Another danger is these resources then become a means for monetary benefit. Once speech and language resources are collected from the community, the community is no longer involved. Positive benefits from technology development may not reach back to the community that shared their data – in terms of impact and revenue.
In short, the solution described above has not proved to be the best for all. So, we think, adapt, and persevere to find other solutions that bring broader benefits to the community for whom the technology development is happening in the first place.
Every language is unique, and only its speakers can truly understand the philosophy behind their language. It is the voices of the language speakers that need to be prioritised while building technology. So, we need to build technology along with the language speakers at all stages of technology development. A co-design and co-development of speech technology along with speakers and experts in the language is the way ahead.
This approach will be a long-term process of relationship building and brainstorming to ensure we understand what the community really wants at each stage. This will include collecting data alongside the community, making sure researchers truly understand the philosophy of the community and remain kaitiaki of the resources entrusted to them.
Feedback from the community should also be taken on board and changes made as needed. The goal should be to ensure technology development supports the needs of the community and brings long-term positive impacts.
This approach is new and we do not yet know if it will work. However, what we do know is that involving communities in matters related to their language and speech will avoid colonisation of speech technology.
The Speech Research@UoA group is involved in developing speech and language technology for the languages of Aotearoa. We have worked closely with Māori experts and speakers in all te reo Māori-related research we have done so far. Te Hiku Media is a Māori radio station in Northland that has been pioneering speech and language technology development for Māori. Our research at the university is developed in consultation with Te Hiku Media to co-design Māori language resources.
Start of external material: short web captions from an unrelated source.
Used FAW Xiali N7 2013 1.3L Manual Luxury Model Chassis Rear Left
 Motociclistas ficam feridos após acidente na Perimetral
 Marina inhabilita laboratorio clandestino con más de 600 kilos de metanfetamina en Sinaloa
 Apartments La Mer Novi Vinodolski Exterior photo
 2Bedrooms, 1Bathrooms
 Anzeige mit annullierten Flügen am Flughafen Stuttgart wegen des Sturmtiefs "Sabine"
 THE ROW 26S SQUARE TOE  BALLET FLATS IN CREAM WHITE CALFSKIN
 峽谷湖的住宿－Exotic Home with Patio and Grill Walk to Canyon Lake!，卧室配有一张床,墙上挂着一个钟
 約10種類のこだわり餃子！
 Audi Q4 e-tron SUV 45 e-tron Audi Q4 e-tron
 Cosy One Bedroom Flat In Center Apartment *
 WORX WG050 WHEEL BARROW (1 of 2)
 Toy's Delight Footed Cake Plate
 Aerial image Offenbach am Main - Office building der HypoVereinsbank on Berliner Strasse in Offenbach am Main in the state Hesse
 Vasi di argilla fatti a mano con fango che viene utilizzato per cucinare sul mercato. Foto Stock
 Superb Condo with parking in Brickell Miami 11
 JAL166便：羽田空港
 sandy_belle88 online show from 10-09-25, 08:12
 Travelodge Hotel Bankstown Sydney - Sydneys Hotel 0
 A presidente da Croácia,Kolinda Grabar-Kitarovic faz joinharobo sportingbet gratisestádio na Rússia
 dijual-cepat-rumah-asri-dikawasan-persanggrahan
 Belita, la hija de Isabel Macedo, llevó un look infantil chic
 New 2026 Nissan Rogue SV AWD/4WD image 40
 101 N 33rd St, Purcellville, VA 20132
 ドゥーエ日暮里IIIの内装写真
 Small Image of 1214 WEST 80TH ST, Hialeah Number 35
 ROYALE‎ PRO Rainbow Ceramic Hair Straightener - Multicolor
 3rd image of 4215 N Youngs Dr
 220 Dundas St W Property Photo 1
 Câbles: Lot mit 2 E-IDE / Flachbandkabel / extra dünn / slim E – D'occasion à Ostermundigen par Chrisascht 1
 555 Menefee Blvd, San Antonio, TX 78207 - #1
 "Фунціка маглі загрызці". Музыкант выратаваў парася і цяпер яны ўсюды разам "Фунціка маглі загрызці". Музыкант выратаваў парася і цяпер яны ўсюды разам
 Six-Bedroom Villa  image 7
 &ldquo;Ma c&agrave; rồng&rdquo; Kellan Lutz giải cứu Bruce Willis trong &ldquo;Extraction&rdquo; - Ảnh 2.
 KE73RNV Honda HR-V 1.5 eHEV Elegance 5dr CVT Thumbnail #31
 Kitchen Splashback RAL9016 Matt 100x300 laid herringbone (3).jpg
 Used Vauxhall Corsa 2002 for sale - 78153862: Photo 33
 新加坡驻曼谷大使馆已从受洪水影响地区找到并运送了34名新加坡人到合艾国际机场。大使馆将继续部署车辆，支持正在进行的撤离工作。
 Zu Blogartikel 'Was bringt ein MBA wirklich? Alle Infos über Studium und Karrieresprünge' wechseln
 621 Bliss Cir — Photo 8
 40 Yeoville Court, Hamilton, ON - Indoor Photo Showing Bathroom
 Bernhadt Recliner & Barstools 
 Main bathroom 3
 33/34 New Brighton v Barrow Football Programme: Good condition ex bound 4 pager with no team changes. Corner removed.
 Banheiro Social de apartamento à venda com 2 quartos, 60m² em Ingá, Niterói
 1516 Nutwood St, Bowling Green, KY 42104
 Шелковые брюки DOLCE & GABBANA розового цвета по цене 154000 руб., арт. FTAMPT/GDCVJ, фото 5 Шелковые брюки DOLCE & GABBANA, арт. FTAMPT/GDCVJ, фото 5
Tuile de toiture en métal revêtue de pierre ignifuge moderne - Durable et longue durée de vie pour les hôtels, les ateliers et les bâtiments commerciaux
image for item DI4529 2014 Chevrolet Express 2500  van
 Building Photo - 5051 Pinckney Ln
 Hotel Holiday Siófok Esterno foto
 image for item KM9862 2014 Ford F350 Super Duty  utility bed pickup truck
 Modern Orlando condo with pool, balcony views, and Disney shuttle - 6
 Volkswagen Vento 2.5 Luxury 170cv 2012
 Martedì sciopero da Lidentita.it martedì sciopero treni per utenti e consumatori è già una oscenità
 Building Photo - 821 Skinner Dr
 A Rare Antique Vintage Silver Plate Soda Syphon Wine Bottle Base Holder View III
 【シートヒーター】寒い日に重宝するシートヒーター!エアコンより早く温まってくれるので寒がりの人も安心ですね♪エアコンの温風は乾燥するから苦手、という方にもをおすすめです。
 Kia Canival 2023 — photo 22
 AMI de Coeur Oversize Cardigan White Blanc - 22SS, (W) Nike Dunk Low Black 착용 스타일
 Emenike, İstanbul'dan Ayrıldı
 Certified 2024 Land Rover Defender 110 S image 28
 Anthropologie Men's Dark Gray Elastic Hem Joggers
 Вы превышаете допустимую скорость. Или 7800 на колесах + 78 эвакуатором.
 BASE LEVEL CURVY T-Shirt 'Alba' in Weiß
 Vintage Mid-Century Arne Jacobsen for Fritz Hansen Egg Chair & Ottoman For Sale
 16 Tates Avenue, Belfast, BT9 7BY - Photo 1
We are also taking this collaboration further by committing ourselves to a SfTI Kaupapa kākano seed project fund, where the investigating team includes te reo Māori experts, te reo Māori speakers, linguists, data scientists and engineers. The project idea was framed in consultation with Te Hiku Media and changes made to ensure technology development is done correctly, with maximum impacts to the Māori community.
As the project unfolds over the next two years, we hope the co-design approach will help develop te reo Māori speech technology and ensure the technology brings positive benefits to the community.